Coroner Heather MacKenzie recommended that the Police, Worksafe and Waka Kotahi (NZTA) run a joint safety campaign regarding the appropriate use of AgHat safety helmets and their limitations. This came about as the farmworker was riding a two-wheeled farm bike on the open road, he fell onto the road and subsequently died. At the time, he was wearing an AgHat 2, widely used on farms, designed for all terrain vehicles (ATVs) rather than a motorycle being used on the open road.
Interestingly, AgHats meet the twin safety standards of AS/NZ 1801:1997-Type 1 and NZ 8600:2002 (ATV). However, looking at several websites that sell this product, there is no mention of the fact that these ratings are only rated for use of speeds at up to 30km/h. Indeed, in some listings the features of multi-fit, weight and colour are given more importance than safety ratings.
Given that these safety standards feature the dates of 1997 and 2002, one wonders if they are fit for purpose given the huge changes in ATVs over the last two decades, particularly in performance, which in most cases is far in excess of 30km/h. Recently, this writer tested a machine, being sold as dual-purpose for farm and recreational use, where 100km/h+ could be brought up very quickly on the digital speedo.
Of course we need to commend those riders who are choosing to wear safety headgear as statistics show that doing so has the greatest potential to prevent serious injury or fatalities.
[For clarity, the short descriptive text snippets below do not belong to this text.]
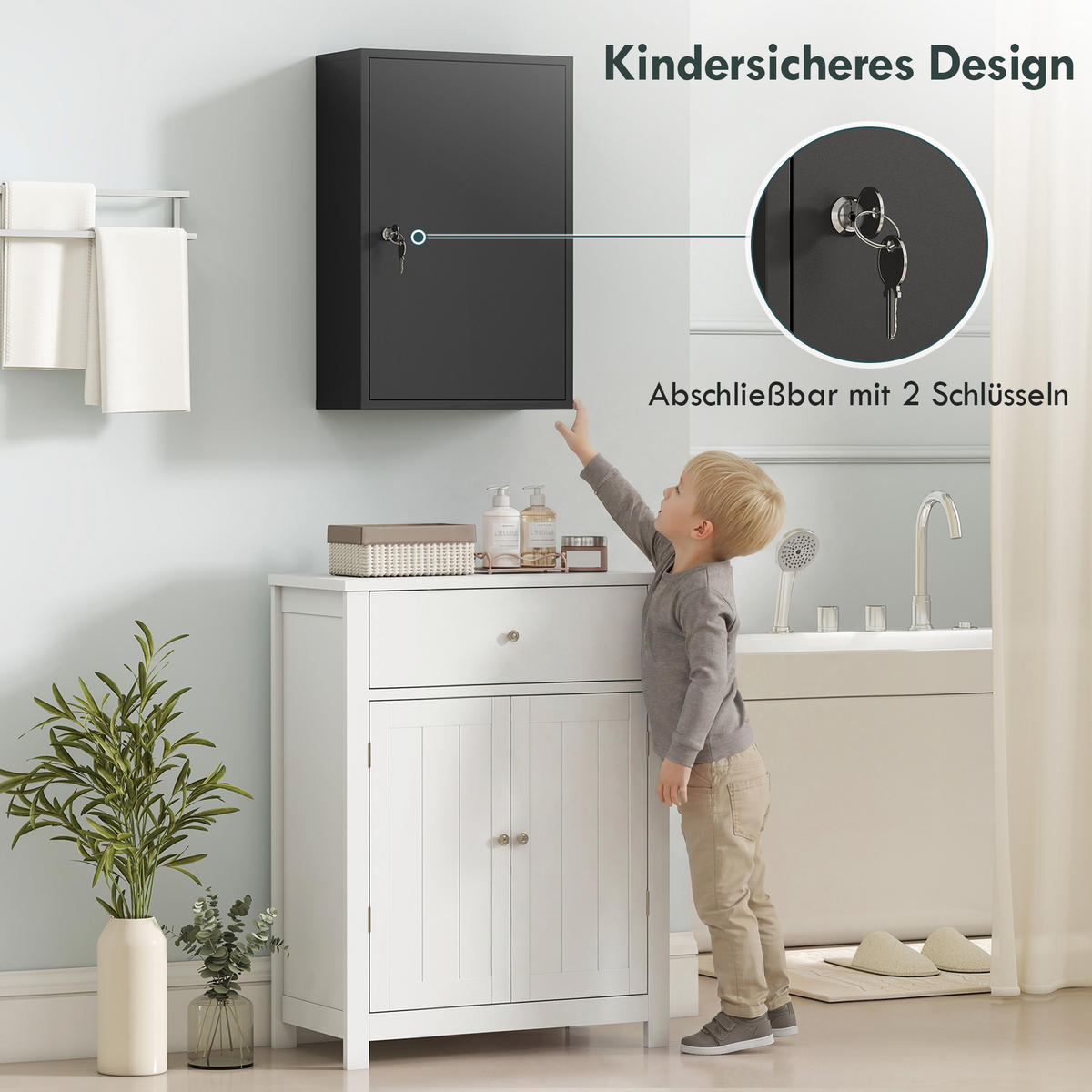 MEDIZINSCHRANK Metall Schwarz - Schwarz, Metall (18/60/40cm) - Kleankin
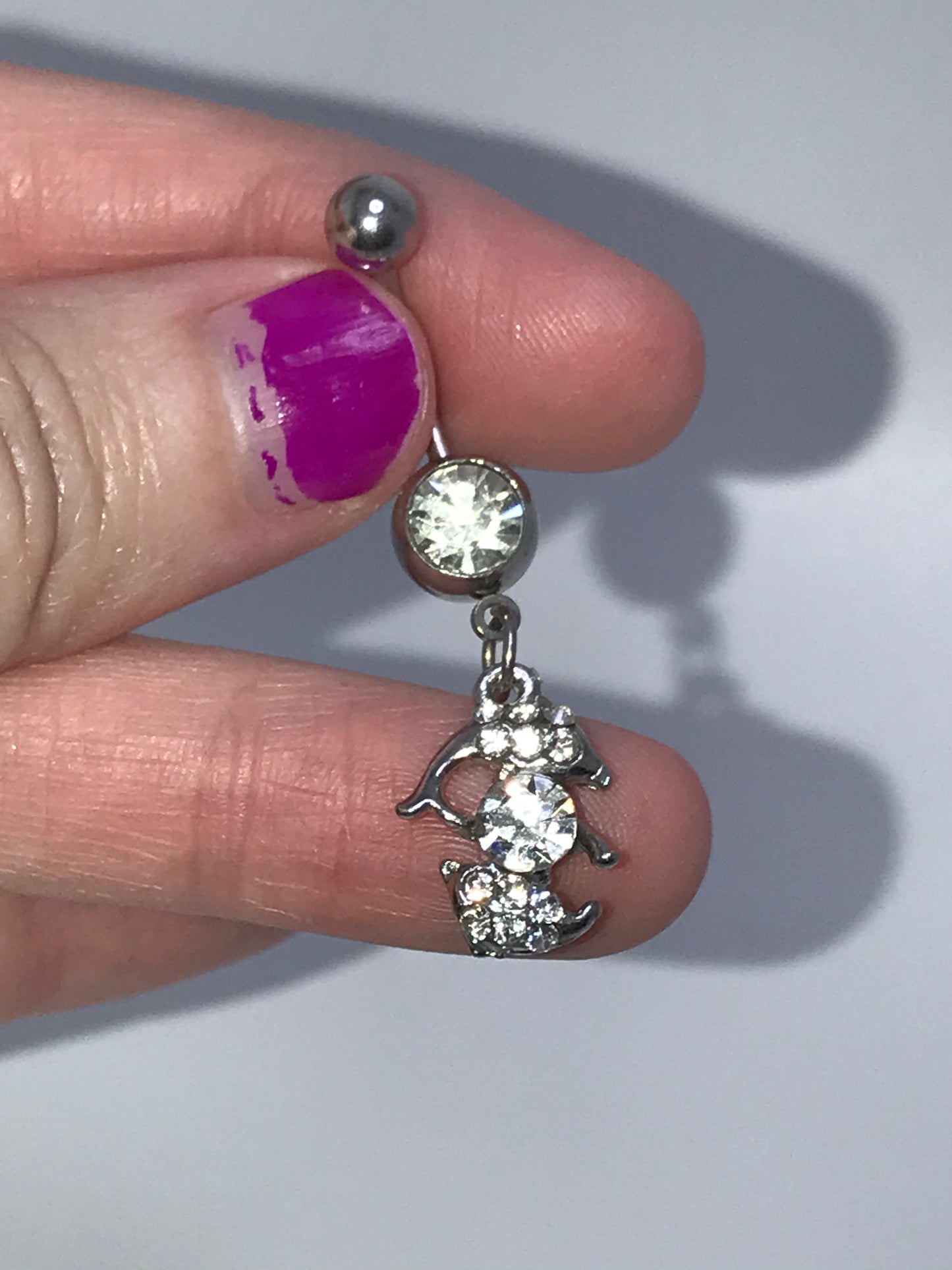 Clear Rhinestone Dolphin Dangle Belly Ring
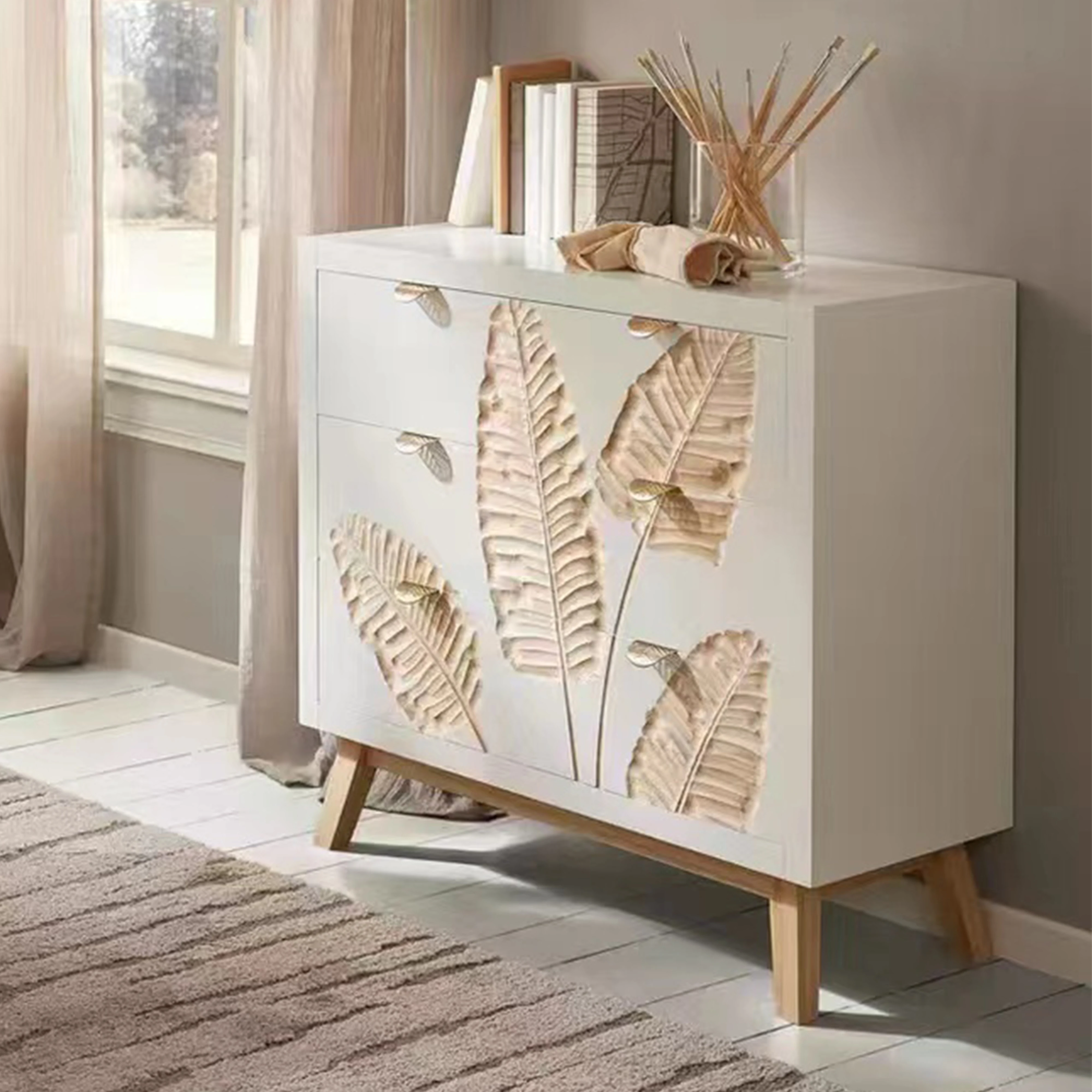 Wood Carved Sideboard Buffet Cabinet Wooden Kitchen Accent Storage Cabinet with 3 Drawers Dining Room Cupboard Console Table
But we need to see much more in-depth information at the point-of-sale to allow purchasers to choose the right headgear for their work environment.
On a broader note, UK research suggests that two thirds of ATV and UTV riders till don't wear a helmet, citing bizarre reasons such as they feel foolish wearing a helmet on their own farm, or the fact they don't ride fast enough to warrant wearing one.
The report by the University of Aberdeen found that 63.5% of riders owned a helmet, but only 29.9% reported wearing that helmet frequently or always. The research identified several underlying factors, many around personal perceptions, that stopped riders wearing helmets, including: ‘a helmet isn’t necessary for short rides; I am an experienced rider so don’t need a helmet; I don’t race or do stunts so a helmet isn’t necessary; as an adult, I look foolish wearing a helmet; none of my mates wear one; they are too hot; and, they are uncomfortable’.
Other comments included: ‘when I’m in a rush, I forget to wear my helmet; I can never find it when I need to use it; and, when I’m tired, I’m less likely to wear a helmet’.
The statistically proven fact is, wearing a helmet has the biggest potential to prevent serious injuries or fatalities compared to other safety devices, where benefits are not backed up by independent testing. Choose a helmet that fits well, is comfortable and doesn’t impair you from operating the vehicle safely, but most importantly – wear it!